La Pensión Beaurepas, Henry James

[The Pen­sión Beaurepas). Novela del escritor norte­americano Henry James (1845-1916), publi­cada en 1879. La narración está en primera persona.

El escenario es una linda pensión suiza, en Ginebra, en la que el autor con­fiesa que se alojó porque Stendhal le había enseñado y Balzac le había demostrado que no hay mejor lugar para estudiar la naturaleza humana. Los principales perso­najes son cinco: la señora Church y su hija Aurore, por un lado, y por otro, el señor Ruck con su mujer y su hija Sophia, todos americanos. La señora Church, que tiene la manía de la cultura europea, se trajo de América a su hija, todavía niña, y se opone resueltamente a que regrese a su patria. Aurore, por el contrario, ya mujer, siente la nostalgia de la patria desconocida, y sobre todo de la vida libre que una muchacha de su edad podría llevar allí.

El señor Ruck es un hombre de negocios al borde de la ruina, quien, en parte por costumbre y en parte por debilidad, cede a los caprichos cada vez más costosos de la mujer y de la hija, que visitan por deber todas las bellezas natura­les y artísticas de que oyen hablar, pero que son, por inclinación, clientes de los más ricos joyeros de Ginebra. El pobre no comprende nada de arte ni de bellezas naturales, y menos todavía comprende la obsesión que domina a las dos mujeres y que apresura su ruina; pero un hombre de su posición, en tanto que ésta dura, no puede negarse a que su familia ocupe el puesto que en la vida mundana le corres­ponde.

Aurore y Sophia se hacen amigas. Sophia es para Aurore el intérprete de la vida americana a que ésta aspira, el ejemplo vivo de lo que ella misma querría ser, y que, europeizada como está, no podrá ser nunca: demasiado consciente de sí, frente a la segura desenvoltura de la otra. Al cono­cer la invitación hecha por Sophia a su hija de ir a América a pasar algún tiempo con ella, la señora Church decide partir inmediatamente hacia Dresde. La pensión Beaurepas está a punto de ser abandonada por todos. El autor protagonista recibe la noticia de la llegada de su hermano a Ingla­terra y decide ir a reunirse con él. Los Ruck están a punto de partir para Chamonix, donde el pobre Ruck espera que no haya tantas joyerías.
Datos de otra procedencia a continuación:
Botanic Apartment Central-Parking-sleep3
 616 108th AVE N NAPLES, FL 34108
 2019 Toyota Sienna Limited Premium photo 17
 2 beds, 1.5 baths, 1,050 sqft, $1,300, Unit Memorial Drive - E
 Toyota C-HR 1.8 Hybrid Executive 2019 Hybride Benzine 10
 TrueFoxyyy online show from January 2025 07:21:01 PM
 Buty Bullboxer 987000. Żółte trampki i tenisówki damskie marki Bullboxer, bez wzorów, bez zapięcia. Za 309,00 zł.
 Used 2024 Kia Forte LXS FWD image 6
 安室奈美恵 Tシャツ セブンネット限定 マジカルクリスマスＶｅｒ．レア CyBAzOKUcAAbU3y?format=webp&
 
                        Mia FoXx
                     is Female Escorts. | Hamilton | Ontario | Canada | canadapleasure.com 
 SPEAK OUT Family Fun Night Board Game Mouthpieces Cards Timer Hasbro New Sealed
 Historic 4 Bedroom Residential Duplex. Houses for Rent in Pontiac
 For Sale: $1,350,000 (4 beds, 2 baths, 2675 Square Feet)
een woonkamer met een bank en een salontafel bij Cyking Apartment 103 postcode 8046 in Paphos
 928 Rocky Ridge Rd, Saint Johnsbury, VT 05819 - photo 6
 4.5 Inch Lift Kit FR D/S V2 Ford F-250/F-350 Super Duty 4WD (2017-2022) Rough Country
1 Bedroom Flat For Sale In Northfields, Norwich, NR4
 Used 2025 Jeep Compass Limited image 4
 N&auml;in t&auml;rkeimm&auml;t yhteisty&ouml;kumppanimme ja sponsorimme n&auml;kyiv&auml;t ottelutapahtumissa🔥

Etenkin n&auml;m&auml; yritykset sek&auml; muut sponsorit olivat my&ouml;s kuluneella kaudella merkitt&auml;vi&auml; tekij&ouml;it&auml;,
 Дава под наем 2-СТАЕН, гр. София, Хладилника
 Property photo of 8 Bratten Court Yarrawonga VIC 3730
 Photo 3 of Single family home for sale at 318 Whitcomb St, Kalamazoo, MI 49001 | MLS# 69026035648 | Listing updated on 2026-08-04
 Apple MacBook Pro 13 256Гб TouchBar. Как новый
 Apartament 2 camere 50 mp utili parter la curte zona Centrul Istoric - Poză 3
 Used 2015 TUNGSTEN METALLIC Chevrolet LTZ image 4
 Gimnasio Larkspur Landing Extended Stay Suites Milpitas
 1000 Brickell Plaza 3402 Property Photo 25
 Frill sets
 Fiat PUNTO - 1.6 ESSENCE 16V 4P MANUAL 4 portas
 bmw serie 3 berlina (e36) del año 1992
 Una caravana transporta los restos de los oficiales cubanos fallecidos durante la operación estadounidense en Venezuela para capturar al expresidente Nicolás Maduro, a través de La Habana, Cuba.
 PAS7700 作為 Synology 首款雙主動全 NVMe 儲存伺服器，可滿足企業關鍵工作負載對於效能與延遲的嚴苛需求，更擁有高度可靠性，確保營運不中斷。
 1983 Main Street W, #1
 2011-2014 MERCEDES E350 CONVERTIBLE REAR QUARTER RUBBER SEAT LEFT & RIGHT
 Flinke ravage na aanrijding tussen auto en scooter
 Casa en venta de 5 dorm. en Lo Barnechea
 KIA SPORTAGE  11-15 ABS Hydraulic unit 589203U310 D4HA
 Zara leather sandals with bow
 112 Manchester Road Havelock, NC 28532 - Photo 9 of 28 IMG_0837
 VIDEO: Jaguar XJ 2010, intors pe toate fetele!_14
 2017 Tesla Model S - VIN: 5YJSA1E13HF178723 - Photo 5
Pero la mañana de la proyectada partida recibe la noticia de su esperada quiebra. Su figura, aun sin perder compostura, se hace profundamente trágica cuando, encontrándose junto al autor protagonista, al que confía la noticia, descubre a la mujer y a la hija en una joyería, a punto de hacer una compra costosísima.

El autor lo deja allí, frente a las dos mujeres, que acogen con suprema indiferencia la no­ticia de que no partirán inmediatamente hacia Chamonix, sino hacia Nueva York: razón de más para llevarse el costoso bra­zalete. Una hora más tarde, el autor deja Ginebra. La narración es llana y límpida, muy característica del James de la primera época, discípulo de los realistas franceses. Pero si la sutileza psicológica, en la que Ja­mes debía ser más tarde consumado maestro, no es visible todavía, hay en la elección de los detalles realistas una sabiduría tan cal­culada y precisa que coloca el realismo de James en una categoría propiamente suya; realismo pasado por el filtro de un intelecto tan fundamentalmente abstracto como más no se puede imaginar; capaz, sin embargo, de una rara intensidad descriptiva: un solo toque, una muchacha que hace girar sobre el hombro graciosamente su sombrilla, basta para dibujarla entera.

Pero apenas una si­tuación amenaza con hacerse demasiado concreta, James sale por la tangente: se complace excitando la curiosidad del lector — y lo sabe hacer de modo consumado —, pero no se preocupa nunca de satisfacerla. El final de la novela, en realidad, no re­suelve las situaciones más que de modo bastante vago. Se diría que James explotó el estímulo de la curiosidad con el solo fin de llevar sin fatiga ni tedio a la palabra que termina, no ya el argumento, que para él no es cosa más importante que la tela para el pintor, sino, único y verda­dero fin, el retrato vivo y parlante de cada uno de los personajes.